En tempos de confinamento polo COVID-19 lembrámonos da nosa xente, da comunidade. María González Reyes ponlle letras, Virginia Pedrero imaxe, a unha das tantas historias que nestes días recordan a necesidade dun tecido comunitario forte para afrontar a vida. Deixamos o relato "Elena" publicado en "O Salto":
Mi nombre es Elena y tengo veintidós años, al nacer mi madre tenía una lista entera de nombres y uno de ellos era Carlota, me hubiese gustado llamarme así, me da confianza ese nombre. No sé si habría cambiado algo si me hubiese llamado Carlota. Supongo que no. Las cosas no dependen del nombre. Dependen de otra cosa más fácil de entender. Dependen del lugar en el que te tocó nacer. Una casa con ventanas grandes por donde entra la luz o una que da al patio interior de un bloque de cinco pisos. Yo con veintidós ya me he tenido que preocupar más por el dinero de lo que lo hará mucha otra gente a lo largo de toda su vida, aunque vivan más de cien años. Al final todo depende de eso. Del lugar al que perteneces. También ahora. Todavía más ahora. Que tengamos que estar metidas en las casas no significa que hayamos desaparecido. Me refiero a las que vivimos en casas con ventanas por las que no entra la luz. Toda nuestra casa tiene dos ventanas. Las dos dan a un patio interior. Si las vecinas del tercero y del cuarto no tienden la ropa entra un rayo raquítico durante diez minutos al medio día y se refleja en la mesa de la cocina. Nos turnamos para poner la cara. Nos hace bien. Siempre nos reímos. Les pedí que no tendieran nada a esa hora. Lo respetan. No les cuesta nada.

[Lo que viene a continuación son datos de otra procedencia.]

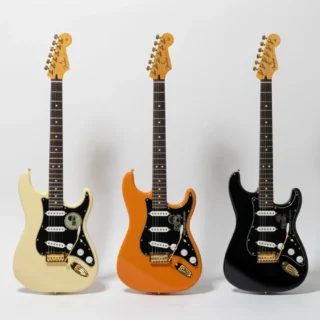 Olympic White, Orange and Black Fender Dark Horse Records Stratocasters with gold hardware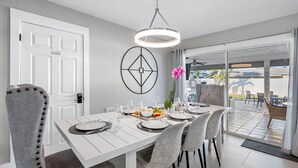 A dining area with a white table set for four, a modern pendant light, and a view of the outdoor patio. - Luxury Heated Salt Pool House in Perfect Location (Tampa)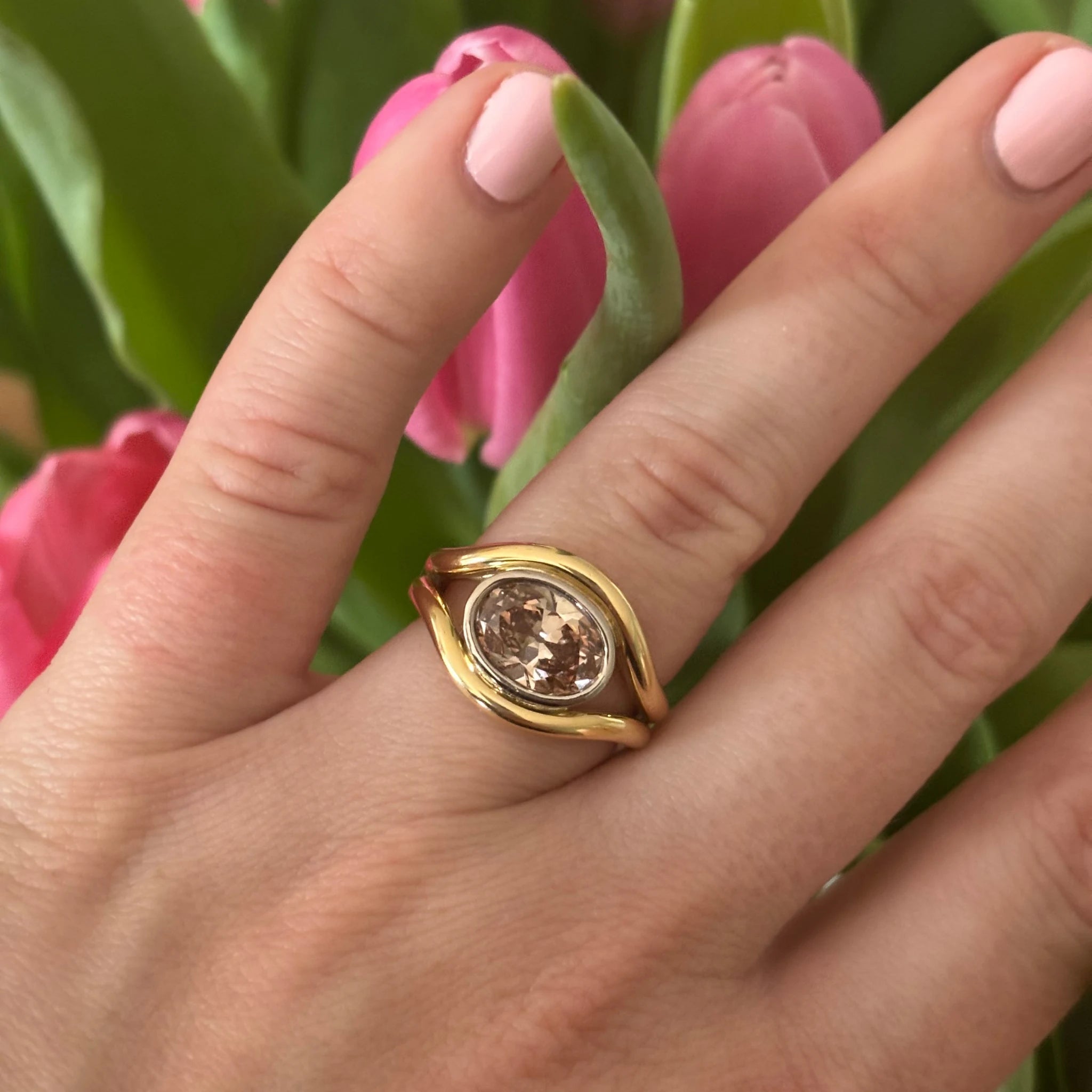 Close-up of Atlantis 2.04ct brown diamond mermaid ring in yellow and white gold with oval-shaped lab-grown brown diamond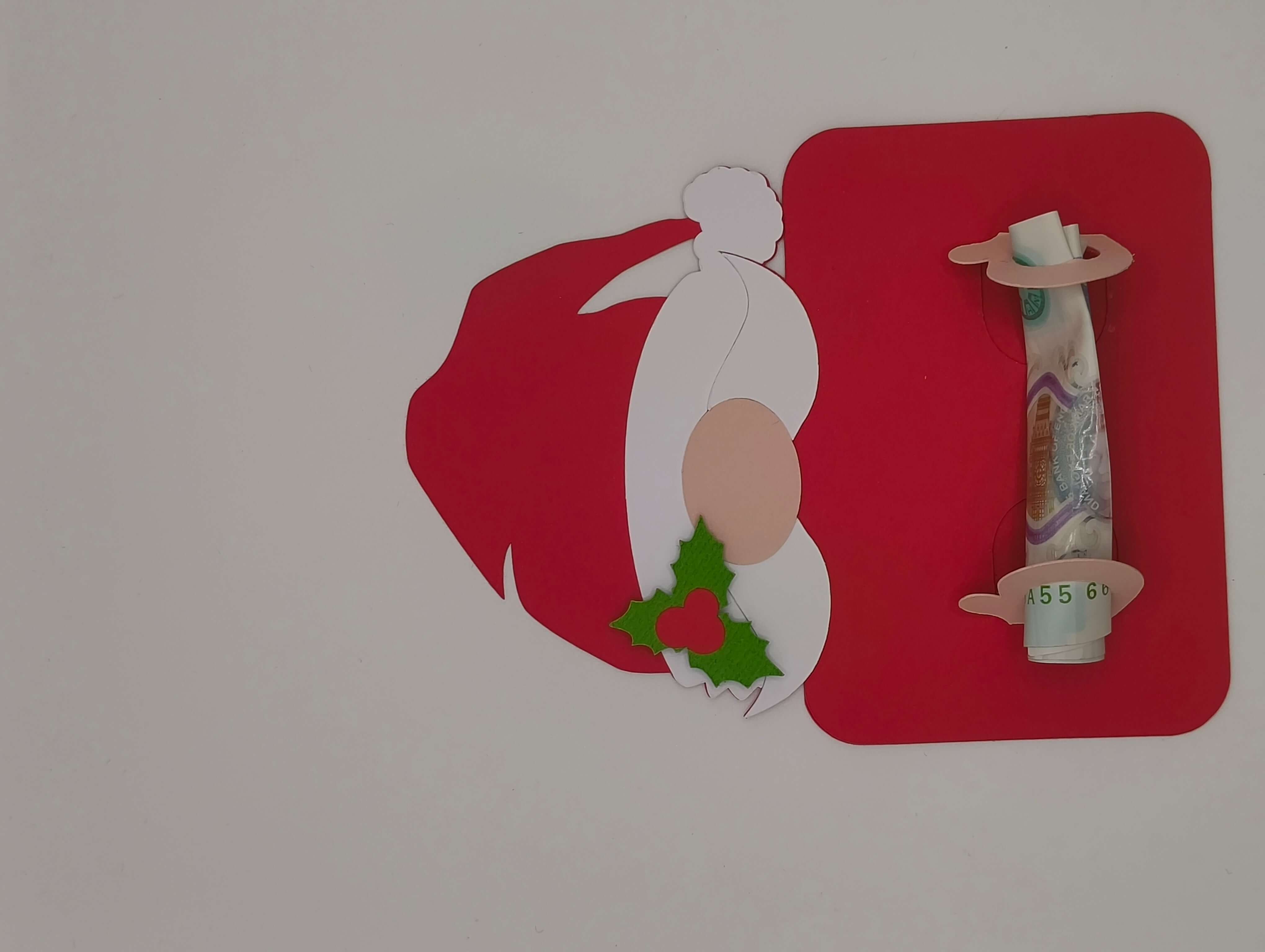 Personalised Santa money holder card with a banknote, featuring Santa hat and holly detail, perfect for Christmas gifting.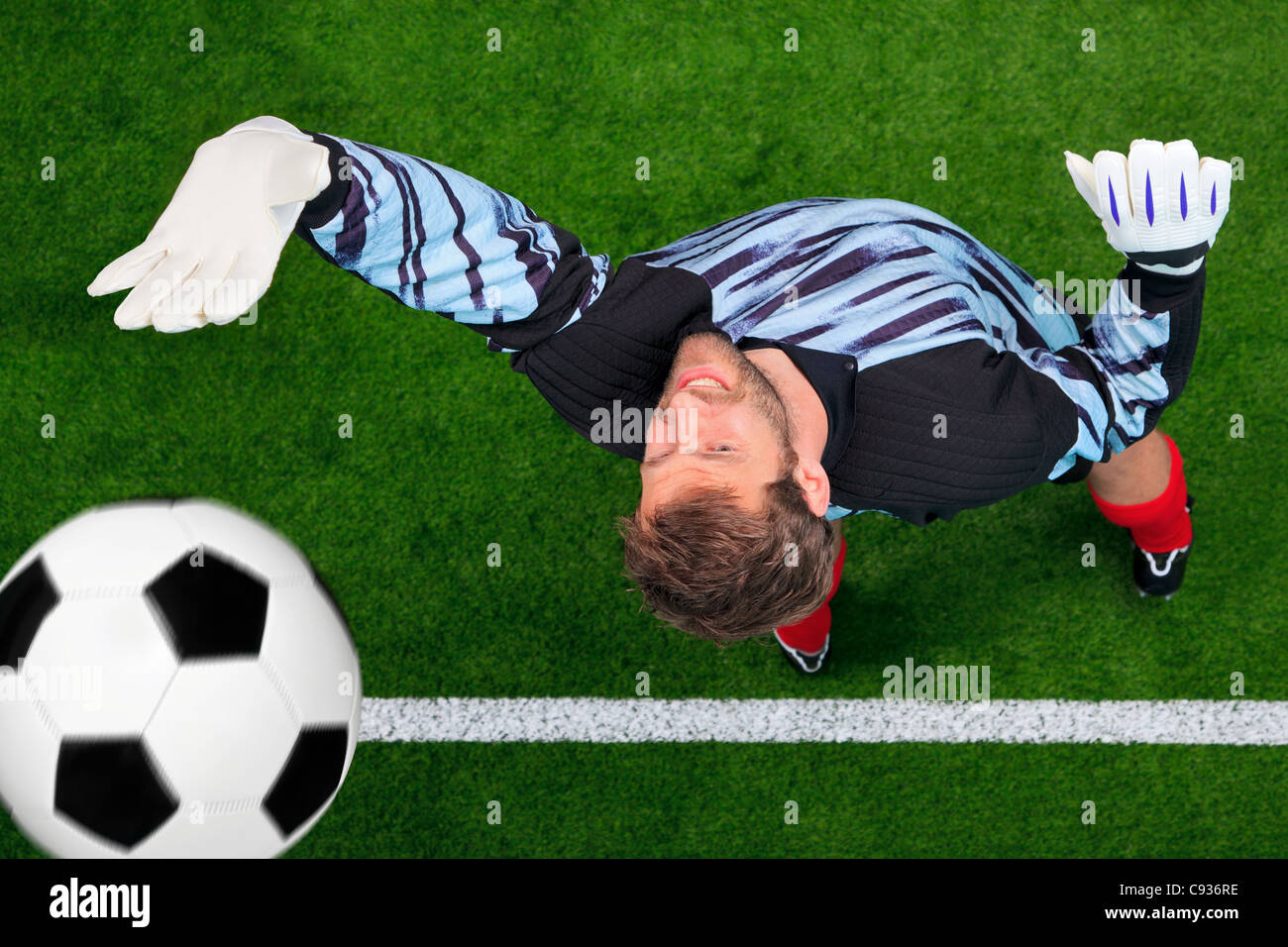 Overhead photo of a football goalkeeper missing saving the ball as it crosses over the line. Stock Photo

De pequeña deseaba que todo se parase, aunque fuera un segundo. Eso pedía siempre al soplar las velas de mis cumpleaños. Que parara todo. Que parase el despertador de madrugada para avisar a mi padre de que tenía que ir a currar. Que parase mi madre que se levantaba siempre antes de que sonase el despertador. Que parasen los gritos. Que parase la tensión por el dinero que no llegaba para todo. Que parase la sensación de que nuestras vidas iban a estallar en cualquier momento. Pero no. Ahora sé que no se puede parar. No todo puede parar. La vida no se mantiene desde la quietud. No puede parar quien cuida a las personas ancianas en las residencias. No puede parar quien cocina para quienes están investigando para encontrar una solución a todo esto o las que tratan de curar como pueden. No pueden parar las cajeras de los supermercados. No pueden parar las madres.
Yo tampoco voy a parar. Me apunté a la bolsa de trabajo para ir a limpiar a los hospitales. Al parecer hace falta. No sé si será porque muchas estén enfermando. Me pregunto si me habría apuntado si no me hubiesen echado del curro el día después de que empezara toda esta mierda.
En mi barrio mucha gente tiene miedo. Hay lugares donde los miedos se agolpan. Me refiero a que mucha gente tiene miedo a enfermar, a la saturación de los hospitales, a no curarse, a contagiar a alguien. Pero en mi barrio a ese miedo se le suman otros. El miedo a no poder pagar el alquiler. El miedo a no volver a tener curro. El miedo a que cuando tu hija te pide más leche sepas que la respuesta es “no hay”. Aquí los miedos se te atragantan. Te impiden respirar. Esa sensación en el pecho y el aire que no entra.
Pero también mucha gente se está ayudando. Como puede. Pero se ayuda. Son redes de apoyo mutuo. Ayuda mutua en circunstancias difíciles. Mi barrio es un lugar abandonado donde la gente se cuida. A veces las dos cosas se tocan.
Pero hay miedo. Nuestra existencia ahora parece todavía más frágil. Cuanta menos luz entra por tu ventana más miedo tienes.
Me gustaría que nadie pensase que estar confinadas en nuestras casas nos iguala.
No todas las casas tienen las mismas ventanas.